I soon found myself quibbling. It looked to me like Chomsky tried to solve the problem by definition, and I disagreed with his definition.
So the real question is, are there groupings well outside the structures of the major institutions of the society which go around them, hijack them, undermine them, pursue other courses without an institutional base, and so on and so forth? And that's a question of fact: do significant things happen because groups or subgroups are acting in secret outside the main structures of institutional power? [348]The important words here are "acting in secret outside the main structures of institutional power." Chomsky concedes the case of "the Reaganites, with their off-the-shelf subversive and terrorist activities" but claims that "that was sort of a fringe operation -- and in fact, part of the reason why a lot of it got exposed so quickly is because the institutions are simply too powerful to tolerate very much of that stuff."

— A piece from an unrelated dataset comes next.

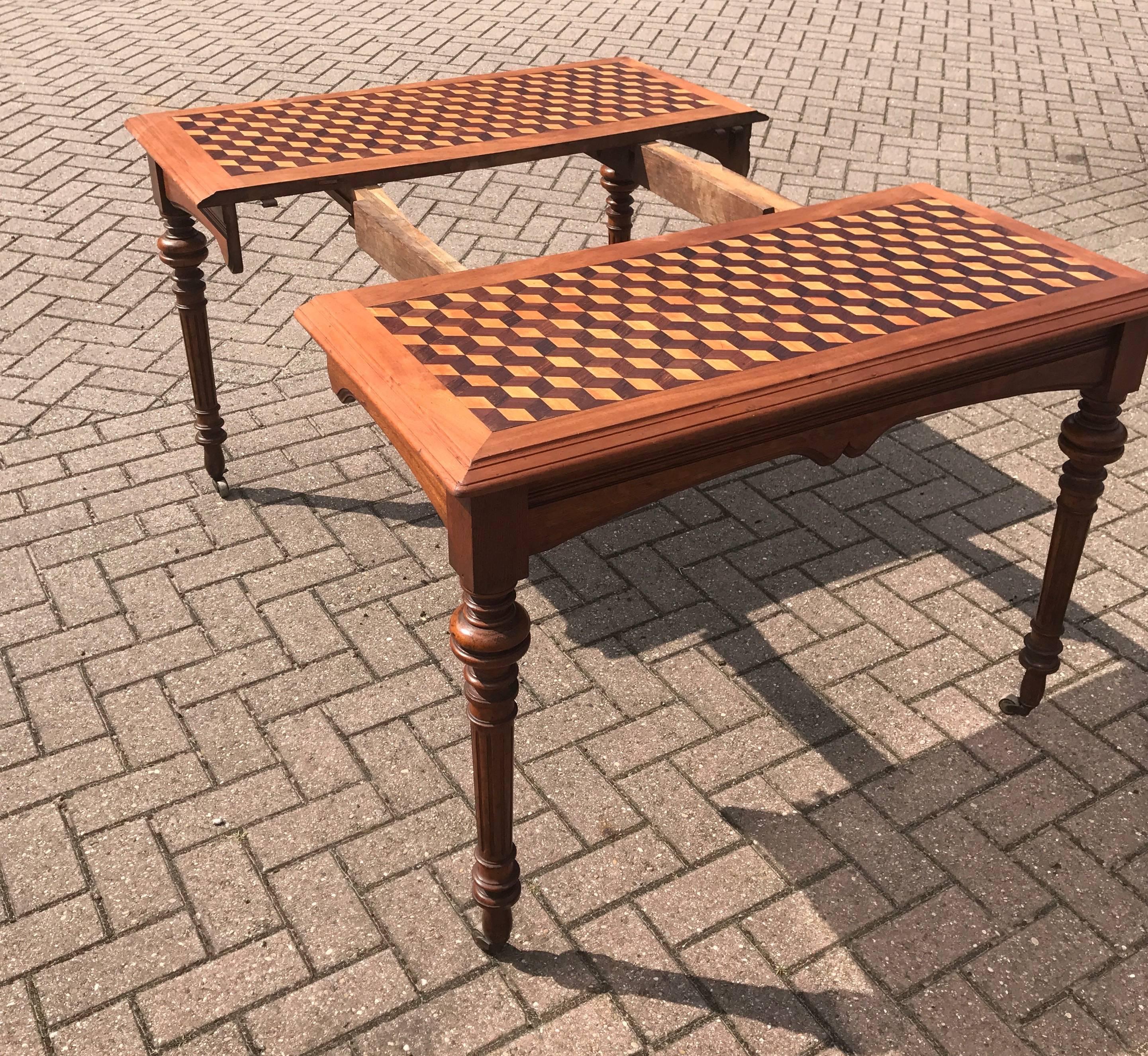 Impresionante Mesa de Centro Cuadrada Antigua con Incrustaciones de Marquetería, Madera de Nogal Francés sobre Ruedas en venta 4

The 9/11 Truthers don't claim that the attacks were false-flag operations by "subgroups ... outside the main structures of institutional power"; they claim that that they were the work of the Bush-Cheney administration, who were inside the main structures of institutional power. One reason I don't take this claim seriously is Bush's reaction on the day of attacks: he went into hiding. If the attacks had been the work of his administration, I'd expect him to have given a vindictive press conference immediately to show his lack of fear and quick response to terrorism. When I've mentioned this to Truthers, they usually say that maybe Bush wasn't in the loop, but Cheney was. That should make no difference: if Bush was Cheney's pawn, as many people including liberals affect to believe, Bush would have played out his role. If I recall correctly, Laura Bush was in Washington DC that day and no one seemed to be worrying about her safety. But that's just proof that she was in on the plot, right? Has anyone considered the powerful possibility that she was the mastermind?
Maybe the problem word is "secret." Chomsky and other critics of US foreign policy have pointed out that our government's supposedly secret actions, such as the "secret" bombing of Cambodia by Nixon in 1969-70, were secret only to most Americans, not to their victims or the rest of the world. I don't disagree with that, but it doesn't change the fact that the US government and media conspired (in any reasonable sense of the word) to hide their discreditable and often illegal activities from the US public. Chomsky has also said, as I recall, that when Reagan's announcement of a US-backed terror campaign in Latin America met public criticism and resistance, the campaign simply went covert. The Johnson administration lied about the Tonkin Gulf in order to justify its escalation of the US invasion of Vietnam; that means that people inside "the main structures of power" conspired to mislead the public and the world. Many criminal actions by the US government were secret until they were uncovered by the Church congressional committee investigations or journalists acquiring restricted documents through the Freedom of Information of Act.
I don't mean to make too much of this; I don't mean to imply that Chomsky is now irrelevant, or a paid agent of the CIA. I think his working definition of "conspiracy" is too narrow, and doesn't reflect the way the people he's criticizing actually use the word. They're talking about people in the main structures of power, not outside it. Whether they're wrong is another matter. I don't take the 9/11 Truthers seriously, because of their assumption that anyone who rejects their account must therefore support US foreign policy generally and the War on Terror in particular. It takes some serious, willed tunnel vision and an Orwellian control of memory to say that of Chomsky. But at the same time, I always get suspicious when anyone, including Chomsky, dismisses a claim as a "conspiracy theory." Conspiracies do happen. Because they are secret, it's hard to learn the truth about them. It's as much a mistake to dismiss any talk of conspiracy as it is to jump to manufacture fantasies of conspiracy about an event. This is one of those areas where the truth isn't Out There but somewhere in between.